You probably wouldn’t want to leave your daughter alone with Brett Kavanaugh, but it’s looking like he might turn out to be not the world’s worst Supreme Court justice.
In Apple v. Pepper, decided today, Kavanaugh not only joined with the Court’s four liberals to hand an initial victory to consumer class action plaintiffs, he also wrote the opinion for the majority. Justice Gorsuch joined with the Chief Justice and the two other wingnuts in dissent. Their interpretation of antitrust standing would have shitcanned consumers, to the enrichment of plutocrats.
Apple’s App Store Monopoly
If you want an app for your iPhone, you have to buy it from Apple, at its App Store. You can’t get it anywhere else. And Apple has some rules for developers: you have to pay Apple a 30 percent commission on sales, and your price has to end in 99 cents. Subject to those rules, you can set whatever price you want, and you can sell as many apps as you can persuade people to buy, and Apple will remit the proceeds of the sale—less, of course, the 30 percent commission.
The district court allowed a class action of plaintiff iPhone owners to proceed, on the theory that Apple had unlawfully created, maintained, and profited from a monopoly in the retail sale of iPhone apps.*
How to Apply an Old—and Wrongly Decided—Precedent?
In 1977 the Supreme Court decided Illinois Brick Co. v. Illinois, ruling that only direct purchasers may maintain antitrust litigation to recover damages in the nature of an “anticompetitive overcharge.” I used to be a great fan of the Illinois Brick decision, but I was wrong. The Court’s decision was based on some pretty sophisticated reasoning about economics and efficiency in litigation, but it was wrong because it generally produced unjust results. “Direct purchasers,” such as wholesalers, typically pass on most or all of the “overcharge,” but the Illinois Brickdecision rewarded the middlemen while leaving the ultimate consumers out in the cold, and holding the bag. Because it was unjust, the decision resulted inconsiderable legal chaos. (I don’t want to prolong this post by elaborating. Just trust me on this.)

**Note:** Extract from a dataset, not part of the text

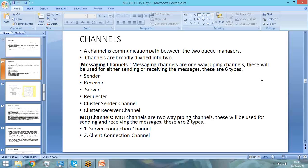Requester channel is also like a receiver channel — it is used to receive messages. The difference is that a receiver channel is passive and will not initiate any connection. But the requester channel has the ability to initiate a connection and say it wants to receive messages. Then there are also cluster sender and cluster receiver channels, which we will cover later.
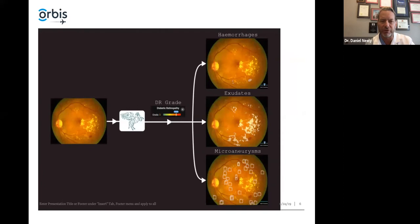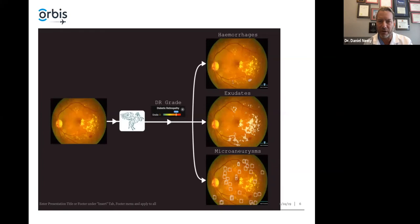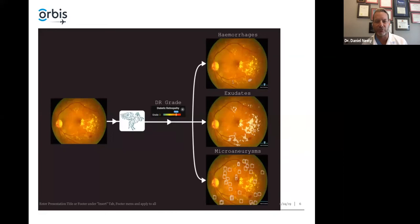Here's an overview of how the process works. There's an image on the far left which has been submitted — it has extensive exudates and a few hemorrhages visible. It gets submitted through the Pegasus software, which gives you a diabetic retinopathy rating and breaks it down, showing where the hemorrhages, microaneurysms, and exudates are specifically being analyzed.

Now, back to the current case: Apple against the consumer class. Apple tried to get the case thrown out because (so it said) the real direct victims of its little retail monopoly were the app developers—the people who paid the exorbitant 30 percent commissions and who had to decide how much of that exorbitant price they could get away with passing on to the iPhone users.
The consumer plaintiffs, however, had a comeback argument that appealed to the four liberals and to Justice Kavanaugh. Their argument was that whatever injustice the Illinois Brick rule might work in other situations, here the plaintiff consumers were indeed direct purchasers from Apple, and paid the anticompetitive overcharge directly to Apple. They were clearly “direct purchasers.” They had a plausible case on the merits. They fit right within the literal language of the 1977 case. So let them proceed to trial.
In my view, both sides had decent technical legal arguments. But Kavanaugh’s analysis was the more persuasive, the more straightforward, and the result that best vindicated the interests of justice. Gorsuch, by contrast, did a good job twisting himself into a pretzel in an unsuccessful effort to protect a powerful defendant against a plausible antitrust claim. Gorsuch would have relied on the logic and reasoning of Illinois Brick to extend the reach of the case and apply it to a novel situation, contrary to its literal language. That’s not the way the law should work. Where a case with precedential value was wrongly decided, you don’t extent it, you limit its reach.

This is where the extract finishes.